Contudo, tal não significa a procedência da exceção de incompetência material. Está
em causa o exercício do direito à informação relativo a um procedimento em
curso pela entidade diretamente interessada no mesmo, que se funda no art.83.º
do CPA. Segundo o art. 2.º/1 do CPA, o art. 83.º “é aplicável à conduta de
pessoas coletivas de direito privado”, caso esteja em causa uma relação
jurídica administrativa, o que, não se verificando, implica a incompetência dos
tribunais administrativos em razão da matéria. Cumpre, então, determinar se se
trata de uma relação jurídica administrativa.

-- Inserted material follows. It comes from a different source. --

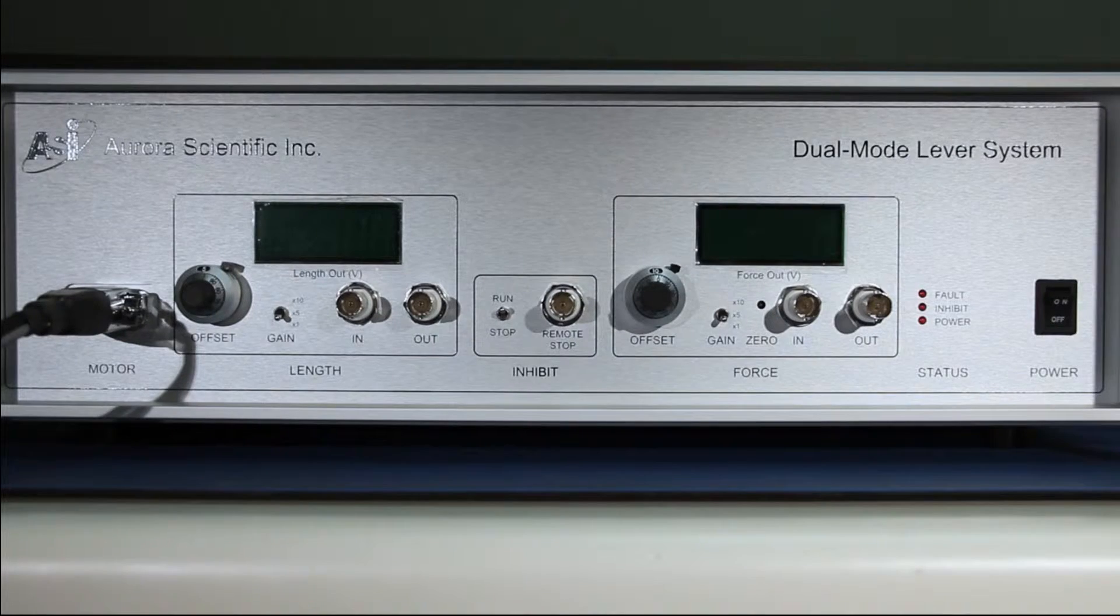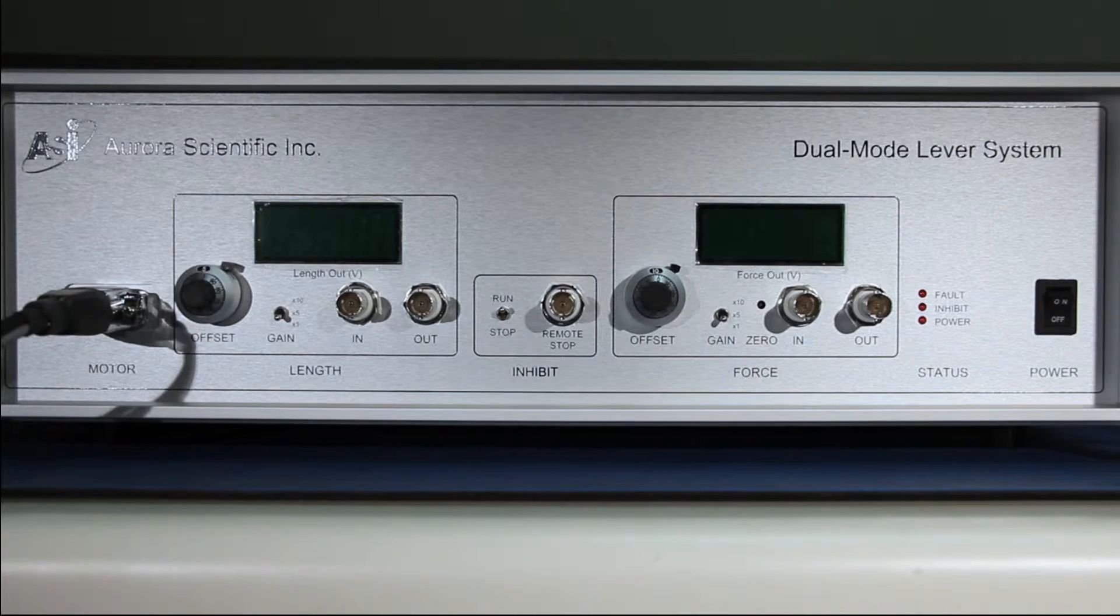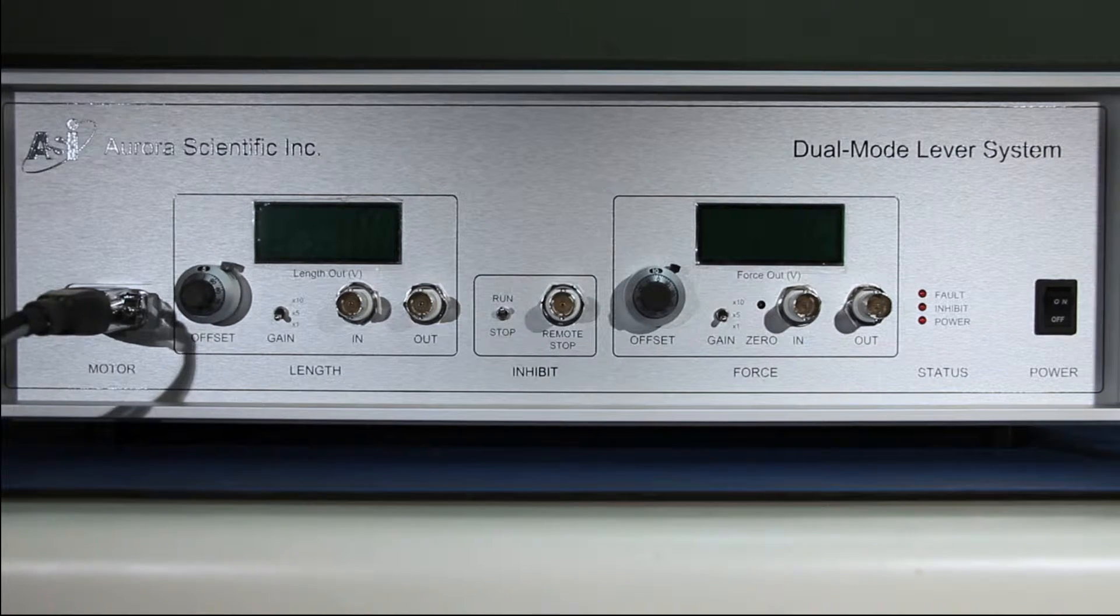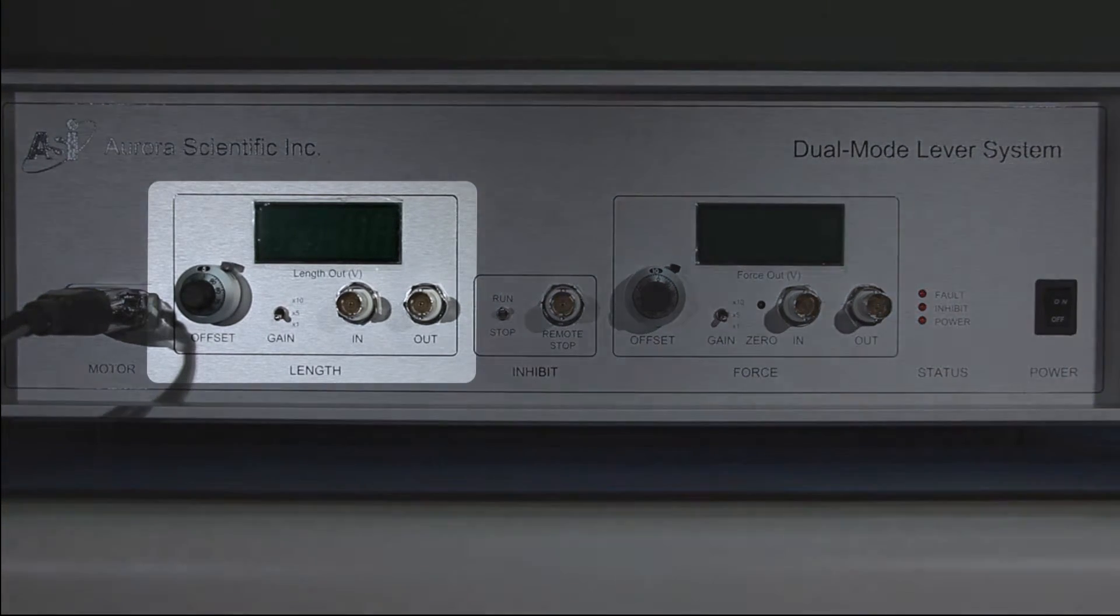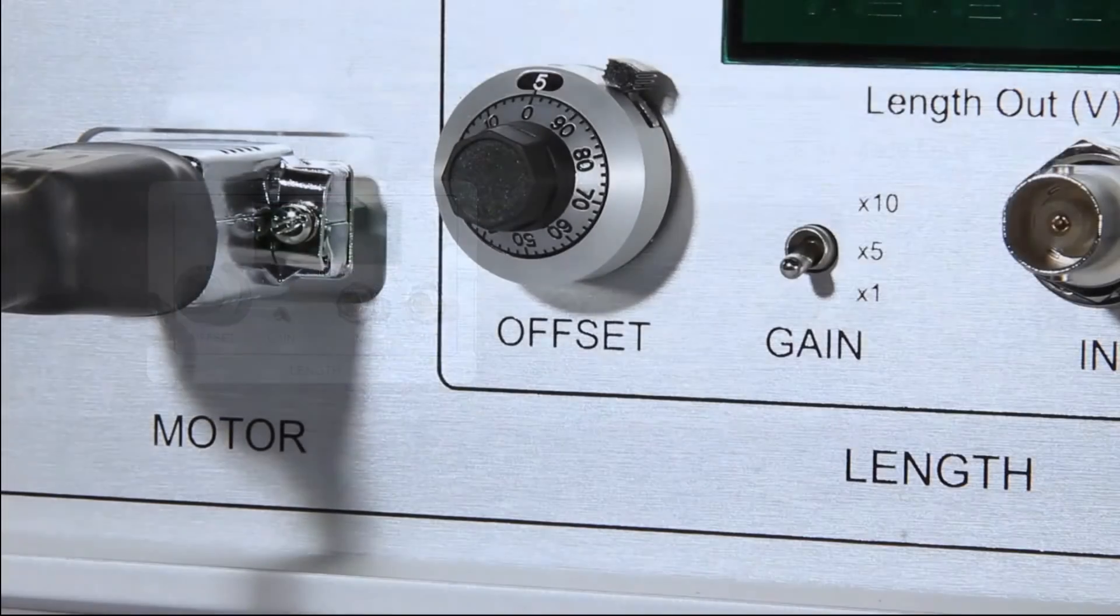Before turning the instrument on, let's verify some front panel settings. First, the length offset should be set to 5.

Como explica Domingos Soares Farinho,
relação jurídica administrativa existe relativamente
“a entidades privadas desde que a sua actuação implique o exercício de poderes
de autoridade ou seja regulada de modo específico por disposições de direito administrativo”, sendo
que estas “situações tanto podem ocorrer com empresas privadas, por exemplo nos
casos de concessões de serviços públicos ou de prestações de serviços com
obrigação de serviço público, como com entidades não lucrativas, no caso de
delegações de serviços públicos. O caso exemplar é o das Instituições
Particulares de Solidariedade Social que contratam com o Estado a prossecução
de determinadas funções administrativas na área social, educativa ou de saúde e
que, por assegurarem um serviço público, ficam sujeitas, dir-se-á, de um modo
específico, às disposições de direito administrativo que regulam esse tipo de
serviços.” (Soares Farinho, cit in Comentários ao Novo
Código do Procedimento Administrativo), o que não se verifica neste caso.

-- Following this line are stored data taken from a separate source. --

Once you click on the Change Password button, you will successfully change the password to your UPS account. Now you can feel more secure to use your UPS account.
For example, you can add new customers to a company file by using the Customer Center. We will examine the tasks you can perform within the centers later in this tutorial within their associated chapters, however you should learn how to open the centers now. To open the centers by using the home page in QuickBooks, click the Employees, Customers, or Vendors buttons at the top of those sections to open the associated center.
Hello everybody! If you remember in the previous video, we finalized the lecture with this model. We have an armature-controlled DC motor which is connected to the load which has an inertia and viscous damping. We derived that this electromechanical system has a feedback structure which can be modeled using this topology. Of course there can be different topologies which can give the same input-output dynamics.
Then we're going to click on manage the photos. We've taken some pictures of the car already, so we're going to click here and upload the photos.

Deste modo, o Tribunal concluiu pela
procedência da exceção de incompetência material, o que implica a absolvição da
recorrente da instância, devendo o recorrido suportar as custas. De facto,
parece ser a decisão mais acertada, uma vez que não existe uma relação administrativa,
pois a Fundação não integra a administração indireta do Estado, o concurso para
atribuição de bolsas é regido por regras do direito privado e não está em causa
qualquer exercício de poderes públicos.
Referências bibliográficas
Freitas do Amaral, D. (2015). Curso de Direito Administrativo, volume I. Almedina.

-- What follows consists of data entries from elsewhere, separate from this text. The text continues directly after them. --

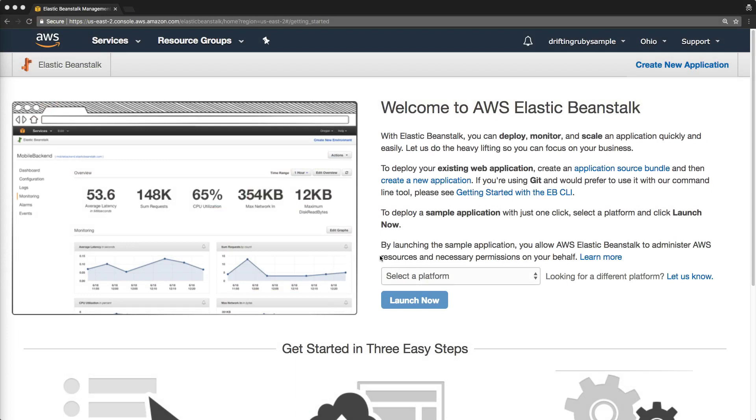Beanstalk will handle a lot of the DevOps stuff that you would normally have to do, like your host OS and the networking side of things. It'll handle all of it for you so you can just focus on your application and deploying it.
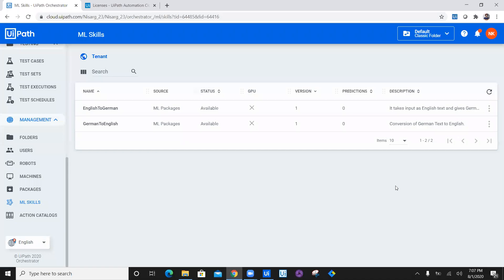Hi, welcome to the fourth episode of chatbot creation. In the earlier episode, we have created two ML models in AI Fabric, which is German to English and English to German. And in this video, we are going to utilize these ML packages in UiPath Studio and create a bot for incorporating this to AI Fabric models.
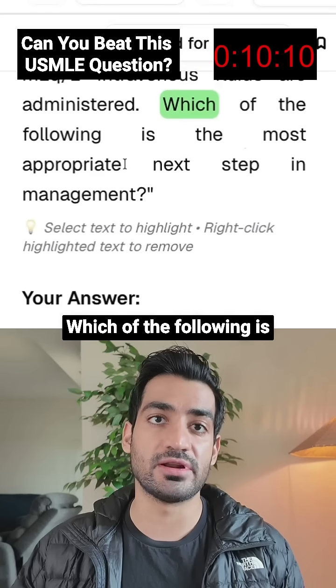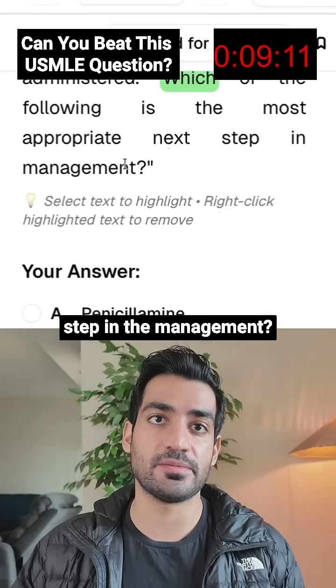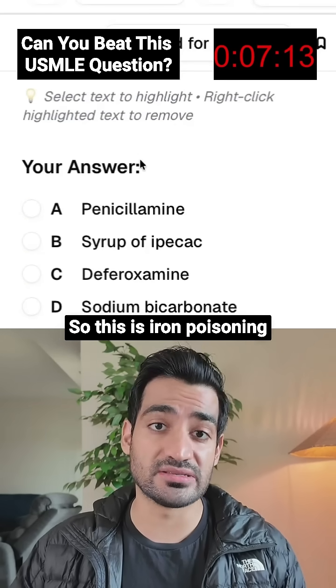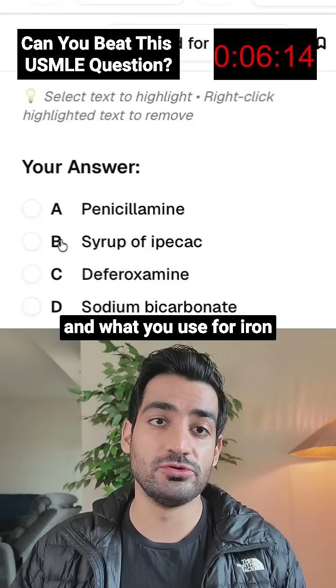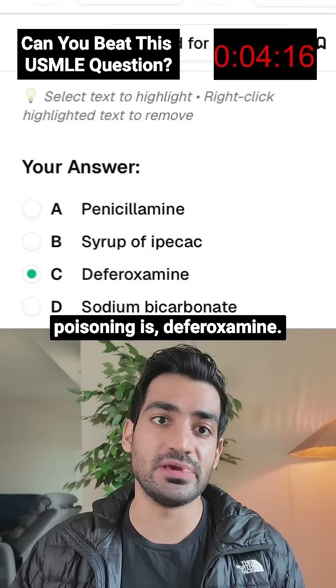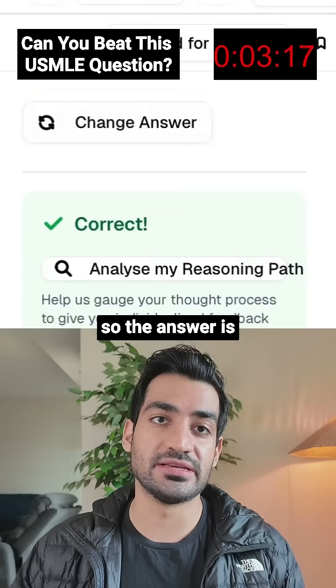Intravenous fluids are administered. Which of the following is the most appropriate next step in management? This is iron poisoning, and what you use for iron poisoning is deferoxamine — so that is the answer.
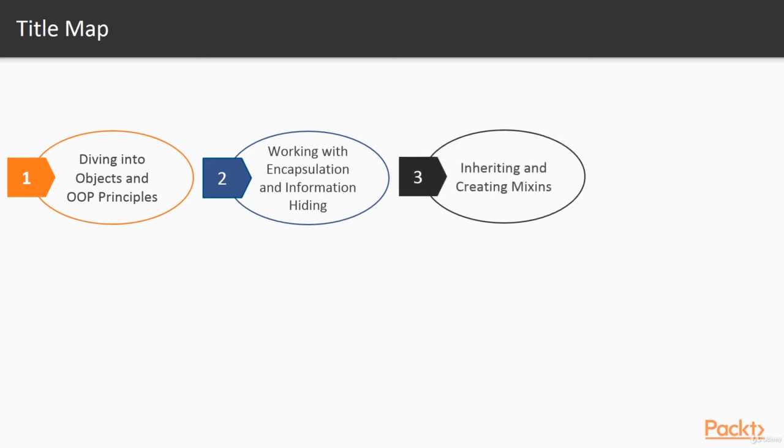Inheriting and creating mixins. In this lesson we'll master prototypal inheritance, discuss method overrides and implement protected members.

Rebelo de Sousa, M. (1999). Lições de Direito Administrativo, volume
I.
Caetano. M. (2001). Manual de Direito Administrativo, volume
I.
Soares Farinho, D. (2016). O âmbito de
aplicação do novo Código do Procedimento Administrativo: regressar a Ítaca.
Amado
Gomes, C., Fernanda Neves, A., Serrão, T. (2016). Comentários ao Novo Código do Procedimento Administrativo, volume
I.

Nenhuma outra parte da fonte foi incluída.